Whilst much of the UK is licensed off by the government for shale gas exploration, everyone is trying to defend their own corner. A group of six wildlife and countryside groups, including the National Trust and the RSPB, and backed by a group of cross-party MPs, has called for “frack free zones” around the most sensitive habitats across the country.
Anti-fracking protest camps have been seen at Balcombe and Barton Moss, the “protectors” variously characterised as heroes and soap-dodging scroungers who really ought to get a job. YouTube footage of police behaving as little more than corporate-hired thugs is circulating, largely kept off our screens by the likes of the BBC, but with confidence in the Police possibly at an all-time low in the wake of Hillsborough, Plebgate, Stephen Lawrence and other corruption scandals, it’s not just those who are old enough to remember the miners’ strike who are unsurprised at the now well-documented questionable police tactics. Paid by society to protect the general public, many seem to have forgotten who their paymasters actually are, and what is expected of them. Conducting themselves in accordance with the law, for one thing.
The anti-frackers, although still fringe, do enjoy some support. “Celebrities” such as Russell Brand have championed their cause, Green Party politicians are among the arrested, and substantial companies such as Lush are providing funding and resources. Lawyers are providing their services free of charge to enable effective legal challenges to eviction orders and false arrests. The hope is that once fracking reaches WAGSville, the big wallets will open and the well-remunerated and well-connected legal eagles will swoop and pick off the renegade authorities bothering the protest movement.

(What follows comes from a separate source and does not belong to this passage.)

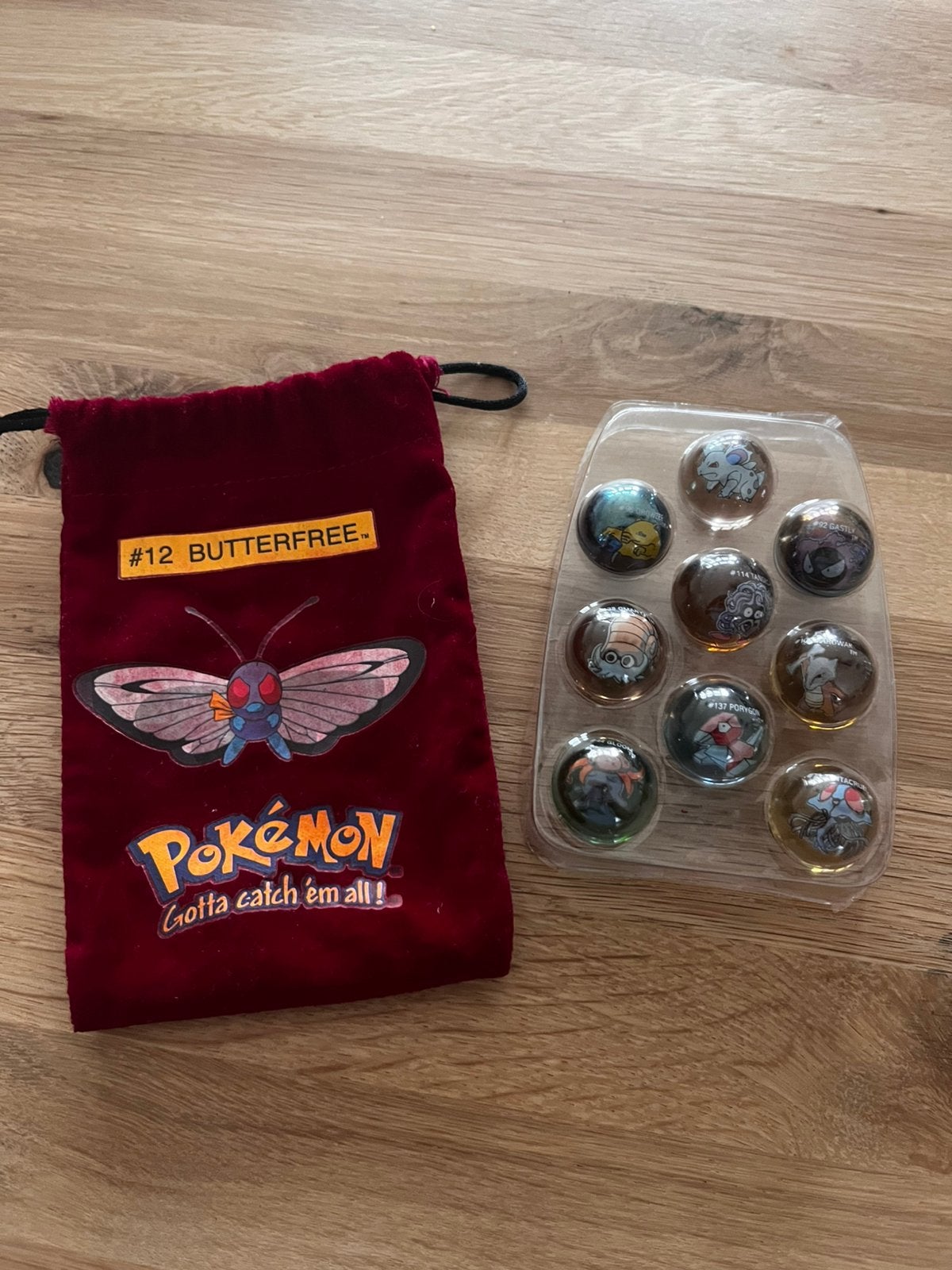 Vintage Pokémon verzameling – knikkers + Butterfree zakje, Ophalen of Verzenden, Nieuw, Overige typen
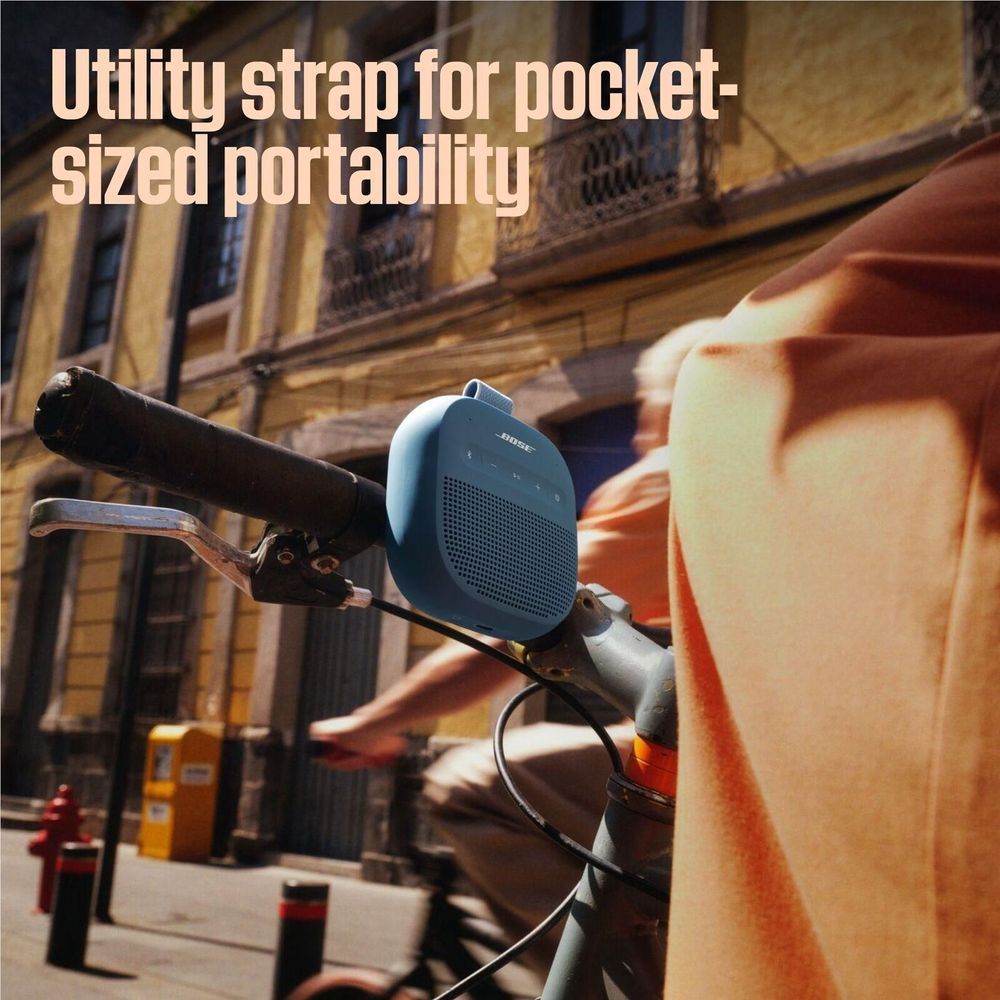 Blue Bose SoundLink Micro portable speaker on bike handlebar with strap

But all is not well in the well-to-do NIMBY camp. Residents of Davyhulme in Greater Manchester have recently learned that a wood burning power station will be built near to the town, despite the local authority pulling out all the stops to prevent it, including taking the Government to the high court. And if residents of the leafy suburbs don’t like the idea of a wood burning power station nearby, they really aren’t going to like fracking.
And here’s the rub.
Because one thing we all enjoy on a dark winter’s evening is to be able to flick a light switch and our rooms to be illuminated by the magic glow of electrically powered fluorescence. We also like our gas boiler to fire up on time, so that when we get home from work the house is bearably warm. OK, so our idea of what constitutes “bearably warm” might be different to that of our parents when they were our age. But still.
We like our TVs and our gadgets, all essential for modern life, and really, what’s the point of going to work at all if we can’t fly off for one or two foreign holidays in the sun every year? We are not rich after all – we are the 99%. These things are not too much to ask – surely?
The stark fact is that we in the rich world, a small proportion of the Earth’s human population, use a massively disproportionate quantity of available carbon fuel resources. The average UK citizen emits ten times the quantity of carbon very year as the average Indian citizen. UK energy prices are about average in Europe, yet our leaky homes mean that we spend a huge amount on heating the outdoors. The “Greenest Government Ever” has responded to this national challenge by cutting subsidies for insulation measures to tackle the worst performing properties, and giving the ‘squeezed’ middle classes a one-off rebate of £50 on their average £1,300 energy bill. Or rather, has limited the rise in said bill from £120 to £70 for one year only.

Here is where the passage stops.